Dossier administratif

L'intrigue du roman de Doan Bui, « le silence de mon père », se résume en une seule ligne tirée du journal officiel. Le monsieur est né français, puis est devenu citoyen du Sud-Vietnam à l'indépendance en 1954, avant de redevenir français dans les années 70. 

Contrairement aux familles logées par le SAMU social ou celles hébergées chez X ou Y, ce père a une adresse. Pourtant, sa fille s'est heurté aux mêmes files d'attente en préfecture, aux mêmes guichets, aux mêmes employés désagréables que les sans-papiers d'ici, pour obtenir une carte d'identité.

Je, banane

Au début de l'ouvrage, l'auteur explique que dire « je » est aussi un truc de Français. Son nom est celui de son père (Bui), puis celui de sa mère (Doan) lui sert de prénom, à la place de Thui, prénom vietnamien donné à la naissance, mais passé à la trappe.
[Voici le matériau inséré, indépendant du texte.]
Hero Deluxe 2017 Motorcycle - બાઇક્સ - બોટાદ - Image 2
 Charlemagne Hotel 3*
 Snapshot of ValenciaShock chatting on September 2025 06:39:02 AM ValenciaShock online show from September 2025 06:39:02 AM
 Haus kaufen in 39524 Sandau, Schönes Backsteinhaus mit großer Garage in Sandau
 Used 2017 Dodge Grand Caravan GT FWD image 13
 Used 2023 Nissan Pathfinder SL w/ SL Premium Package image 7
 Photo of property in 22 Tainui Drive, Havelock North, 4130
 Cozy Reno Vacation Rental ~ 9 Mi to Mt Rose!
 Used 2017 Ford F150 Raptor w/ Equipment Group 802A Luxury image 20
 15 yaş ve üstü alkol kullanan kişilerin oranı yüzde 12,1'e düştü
Comme si c'était une revanche, elle utilise beaucoup la première personne, du singulier, comme du pluriel :
« Nous sommes, mon frère, mes sœurs et moi, des enfants banane. Jaune à l'extérieur, blanc à l'intérieur. Tous nés en France. De purs produits de la République française. Nous ne parlons pas la langue de nos parents. ».


Elle dit plus tard :
« Nous avions signé ce contrat de silence. Nous n'avions rien voulu voir. »

Du bruit, au détriment de la vie privée

Au fil des pages, on se rend compte que l'AVC du père qui le plonge en aphasie n'est pas le sujet de livre, voire que ça ne change rien. C'est juste un prétexte, qui fait que l'auteur s'est intéressée au passé qu'elle ne pouvait plus interroger en commençant par un "Au fait papa...". A plusieurs reprises, je me suis demandée si elle parlait d'un homme vivant ou d'un objet, un truc dans un fauteuil en face de la télé.
C'est en écrivant un articlede la revue XXI  qu'elle a pu obtenir des informations, à l'insu de son plein gré. Elle découvre (alerte spoiler) qu'elle n'est pas la première journaliste à parler de cet homme censé assumer une fonction de père dans les journaux, ni la seule à avoir été détruite par l'absence de parole, ou par l'absence physique.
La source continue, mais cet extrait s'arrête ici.